Then use either read.table, read.csv or the Import dataset button in RStudio to read your table, and in case of doubt, begin with the default settings, which are often sensible.
Open your favourite spreadsheet software, remove all the colours and formatting, make sure to have only one header row with short and simple column names (avoid any special characters R will turn them to full stops), remove empty columns above and to the left of the table and export the sheet in to plain text, tab separated or comma separated. General tip: keep it as simple as possible. Therefore, let me share a few things that I’ve picked up while trying to read data into R. What is the most important thing about using any statistics software? To get your data into it in the first place! Unfortunately, no two datasets are the same and many frustrations await the beginner. This is because I believe (firmly) that importing data is the major challenge for beginners who want to analyse their data in R. These can then be read back in any format.I’ve written before about importing tabular text files into R, and here comes some more. Extra string variables can be created from value labels when writing to delimited ASCII, described by a schema.An extra variables can be created from the sheet name when combining worksheets.Directory recursion is now available in the wildcard copy command.

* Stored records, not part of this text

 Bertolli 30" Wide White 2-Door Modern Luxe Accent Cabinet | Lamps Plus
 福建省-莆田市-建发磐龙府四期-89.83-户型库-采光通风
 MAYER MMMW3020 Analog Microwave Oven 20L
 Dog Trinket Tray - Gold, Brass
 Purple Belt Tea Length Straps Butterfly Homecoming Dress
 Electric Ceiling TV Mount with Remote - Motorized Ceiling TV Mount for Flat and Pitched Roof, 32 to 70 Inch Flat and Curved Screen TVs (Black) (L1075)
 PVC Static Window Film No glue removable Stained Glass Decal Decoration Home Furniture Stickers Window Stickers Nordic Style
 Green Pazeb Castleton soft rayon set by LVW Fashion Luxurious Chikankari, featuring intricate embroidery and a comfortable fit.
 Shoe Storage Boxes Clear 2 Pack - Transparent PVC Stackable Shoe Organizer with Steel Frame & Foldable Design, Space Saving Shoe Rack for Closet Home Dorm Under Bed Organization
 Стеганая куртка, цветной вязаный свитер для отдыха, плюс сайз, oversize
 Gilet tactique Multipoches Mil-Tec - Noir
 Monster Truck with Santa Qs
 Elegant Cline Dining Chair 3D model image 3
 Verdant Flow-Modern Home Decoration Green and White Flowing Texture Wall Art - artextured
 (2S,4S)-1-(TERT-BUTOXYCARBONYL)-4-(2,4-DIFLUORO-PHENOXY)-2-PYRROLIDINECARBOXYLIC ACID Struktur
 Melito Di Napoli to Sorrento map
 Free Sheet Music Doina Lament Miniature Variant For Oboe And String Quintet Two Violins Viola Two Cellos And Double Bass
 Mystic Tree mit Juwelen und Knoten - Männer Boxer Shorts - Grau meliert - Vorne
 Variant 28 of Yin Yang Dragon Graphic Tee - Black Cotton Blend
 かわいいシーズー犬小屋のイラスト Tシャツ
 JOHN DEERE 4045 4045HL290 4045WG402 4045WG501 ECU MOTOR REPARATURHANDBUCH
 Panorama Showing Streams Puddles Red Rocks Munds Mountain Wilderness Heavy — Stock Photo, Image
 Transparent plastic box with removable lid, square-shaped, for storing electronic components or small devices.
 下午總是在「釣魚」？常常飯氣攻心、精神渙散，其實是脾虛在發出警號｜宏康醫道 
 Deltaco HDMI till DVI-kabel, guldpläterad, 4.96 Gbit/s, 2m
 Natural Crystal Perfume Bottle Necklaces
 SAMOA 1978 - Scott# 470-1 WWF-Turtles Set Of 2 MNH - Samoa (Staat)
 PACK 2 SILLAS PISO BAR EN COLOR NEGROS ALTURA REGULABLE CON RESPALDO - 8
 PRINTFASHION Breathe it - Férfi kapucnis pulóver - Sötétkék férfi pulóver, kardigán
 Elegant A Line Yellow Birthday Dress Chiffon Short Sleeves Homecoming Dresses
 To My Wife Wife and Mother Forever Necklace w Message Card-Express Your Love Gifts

What is your time worth?įast transfers aren fast if you have to spend time puzzling over how to set them up. Of course you could use other tools to do what Stat/Transfer does, but it would take you hours, days and even weeks of effort to duplicate what Stat/Transfer does in a few seconds. Most transfer operations take just a few seconds and few clicks of the mouse. A variety of options (all with sensible defaults) allow you to tailor your transfer so that it meets the needs that you have today and in the future. It is easy to select variables, cases and data types.
With Stat/Transfer you can produce just the output you need. Because this program reflects the entire state of your options settings as well as all of the other information entered in the user interface, it allows you to thoroughly document your data transfer. It can also produce a Stat/Transfer command processor file that will enable you to re-run the transfer with just a few clicks. Stat/Transfer can automatically produce a log documenting your transfer operations. All of your metadata – value labels, variable labels and missing values - are accurately and effortlessly transformed. Stat/Transfer moves your data from one program to another with no loss of precision, while producing the smallest datasets possible. This makes it straightforward to set up fully automatic batch procedures for repetitive tasks. In addition to the standard graphical user interface, a command processor allows you to run a transfer in batch mode. Furthermore, you gain this speed and accuracy without losing flexibility, since Stat/Transfer allows you to select just the variables and cases you want to transfer.
Stat/Transfer can save hours and even days of manual labour, while at the same time eliminating error. In addition to converting the formats of variables, Stat/Transfer also processes variable names, missing values, and value and variable labels automatically. Stat/Transfer also allows control over the storage format of your output variables. Stat/Transfer preserves all of the precision in your data, while automatically minimizing the size of your output data set. Stat/Transfer will automatically read statistical data in the internal format of one of the supported programs and will then transfer as much of the information as is present and appropriate to the internal format of another. Stat/Transfer removes this barrier by providing an extremely fast, reliable and automatic way to move data.
For those in possession of data sets with many variables, it represents a serious impediment to the use of more than one program. Manual transfer is not only time-consuming, it is error-prone. Stat/Transfer is designed to simplify the transfer of statistical data between different programs.